Assistant Secretary of Education for Postsecondary Education
- In office December 3, 1991 – 1993
- President: George H. W. Bush
- Preceded by: Leonard L. Haynes III
- Succeeded by: David Longanecker

Personal details
- Born: June 26, 1942 (age 83) Williamsburg, Virginia, U.S.
- Children: 1
- Education: Fisk University Adelphi University George Washington University

= Carolynn Reid-Wallace =

American academic administrator (born 1942)

Carolynn Reid-Wallace (born June 26, 1942) is an American academic administrator who served as president of Fisk University from 2001 to 2003. She was the assistant secretary of education for postsecondary education from 1991 to 1993.

== Life ==
Reid-Wallace was born to Nathaniel H. Reid Jr. and Mary Reid on June 26, 1942, in Williamsburg, Virginia. In 1960, she graduated from Bruton Heights \ School. She graduated from Fisk University with a B.A. in speech and drama in 1964. She earned an M.A. in dramatic literature from Adelphi University in 1965.
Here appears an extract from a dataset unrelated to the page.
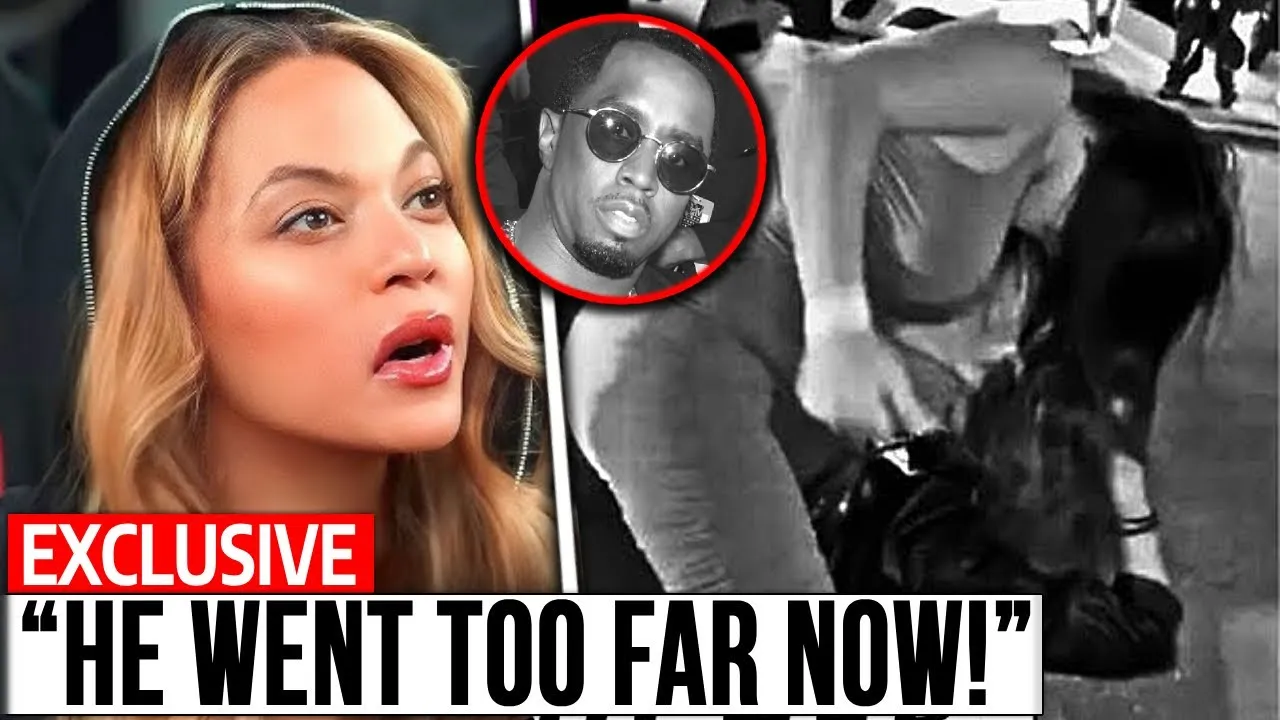 Breaking News: Beyoncé Speaks Out About Diddy's Clip: “Jay And Diddy Are Not Who They Think They Are”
Reid-Wallace taught the humanities at Talladega College, Howard University, Grinnell College and Bowie State University. At Bowie State University, she served as the dean of instruction from 1974 to 1975, dean of undergraduate studies from 1975 to 1976, dean of the college and vice president for academic affairs from 1976 to 1978, and as the acting chief executive from 1977 to 1978. From 1979 to 1980, she was the director of the NAFEO/NEH humanities program. She completed a Ph.D. in English and American literature at the Columbian College of Arts and Sciences at George Washington University in 1981. Her dissertation was titled, Jean Toomer: Death on the Modern Desert. Reid-Wallace was the director for the National Association for Equal Opportunity in Higher Education Clearinghouse (NAFEO) from 1981 to 1982. In 1982, Reid-Wallace became the at the National Endowment for the Humanities. In 1987, U.S. president Ronald Reagan appointed her as a member of the National Council on the Humanities, succeeding Samuel DuBois Cook. Her term was set to expire on January 26, 1992. She served as the vice chancellor for academic affairs of City University of New York from 1987 to 1991.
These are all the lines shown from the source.